Sep 21, 2013 5:00 AM PT
Pinterest on Thursday announced that it would begin experimenting with promoting certain pins from a select group of businesses.
The announcement came via a blog post from CEO Ben Silbermann, who hastened to assure the site's users that this move would not be a descent into ad madness.
"I know some of you may be thinking, 'Oh great ... here come the banner ads,'" he wrote, "but we're determined to not let that happen."
To that end, Silbermann promised that the ads will be "tasteful," with "no flashy banners or pop-up ads."
The ads will also be transparent, and viewers will always be informed when they are viewing paid promotions, he promised.
The ads will be relevant as well -- that is, they will be marketing products the viewer actually is interested in -- and will be improved upon feedback, too.
Pinterest is now rolling out just a few promotions in search results and category feeds, he said -- but no company is paying for any placement yet.
"We want to see how things go and, more than anything, hear what you think," Silbermann concluded.
A Pinterest spokesperson was not immediately available to provide further details.
Good News for Retailers
Even with its slow approach and restrictions for advertisers, the announcement is good news for retailers.
"There is definite potential for promoted pins to be successful, especially for businesses looking to showcase their wares," Chelsey Binkley, social engagement coordinator at Engauge, told the E-Commerce Times.
"For retail and fashion brands that already use the platform to drive discovery to their products and e-commerce sites, this will make for a great extension of their Pinterest efforts," Binkley added.

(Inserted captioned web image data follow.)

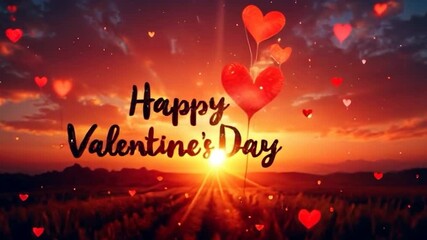 happy valentines day text with glowing heart particles romantic celebration smooth 4k video motion footage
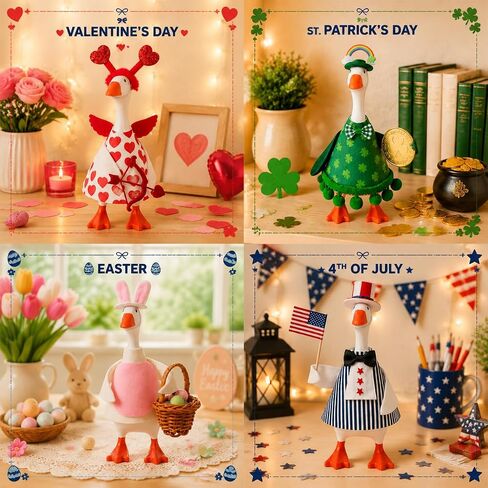 7 Inch Desk Goose Outfits, 8 Sets Seasonal Goose Clothes with Matching Hats in Kuwait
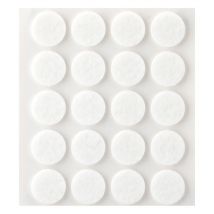 Pack de 20 patins en feutre blanc synthetiques adhesifs diametre 17mm plasfix Inofix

Certainly demand will be strong on the part of retailers, who have been paying attention to Pinterest users' propensity to shop, Christopher Penn, vice president of marketing technology at SHIFT Communications, told the E-Commerce Times.

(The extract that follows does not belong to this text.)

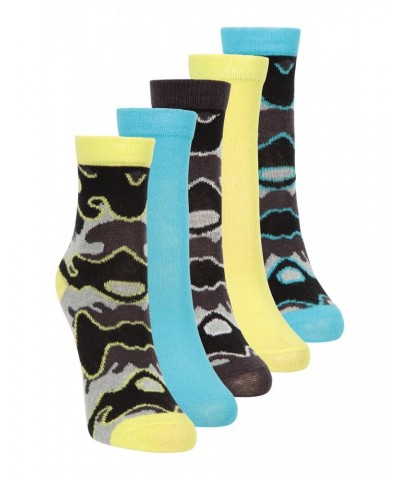 Kids Patterned Mid-Calf Socks 5-Pack Mixed $9.17 Accessories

"According to research firm Edison Research, 27 percent of Pinterest users have made a purchase based on a pin they've seen," Penn said. "If Pinterest can work sponsored pins into relevant pinboards in an appropriate way that doesn't alienate users, they're going to be quite successful at their advertising program."
'The Risk of Significant Backlash'
Not everyone foresees smooth sailing for Pinterest's monetization plans, however.

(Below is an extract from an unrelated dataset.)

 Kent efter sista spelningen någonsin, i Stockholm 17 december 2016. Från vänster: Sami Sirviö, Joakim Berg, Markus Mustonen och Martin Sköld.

The site has no advertising to speak of at the moment, "so it's going to be a bit of a shock to users when they first start seeing promoted pins," noted Keith Trivitt, director of marketing and communications at MediaWhiz, for example.
Another challenge "is the risk that advertising poses to Pinterest's carefully cultivated network and image as a user-friendly platform," Trivitt pointed out.
"While advertising has many benefits to both brands and consumers, any time you place ads on a site or social network that has largely built up its user base around the fact that it is ad-free, you run the risk of significant backlash," he explained.
All that said, however, Pinterest's slow approach should go far to address these concerns, he continued.
"By starting with promoted pins in search results, rather than dropping ads or advertiser messaging directly into a user's feed, Pinterest in working to ensure that its community comes to trust its advertising efforts as a means of building and monetizing Pinterest," Trivitt said.
It also helps that Twitter and Facebook plowed the road ahead for Pinterest, said Chia-Lin Simmons, vice president of marketing and content at Harman International.
"Twitter and Facebook opened the way to native advertising and promoted content in their service, and Pinterest is following suit, so I think there will be little backlash from consumers," Simmons told the E-Commerce Times.
In fact, in many ways, there is more risk to Twitter and Facebook with native advertising, she suggested.
"Consumers use Pinterest to capture interest, and often from an e-commerce perspective, they are using Pinterest boards to bookmark 'aspirational' purchases," she explained.
Consider a consumer who is using Pinterest to post what she would like one day in her would-be living room, Simmons suggested. Having promotional pins from Crate and Barrel or Design Within Reach would not necessarily be an affront.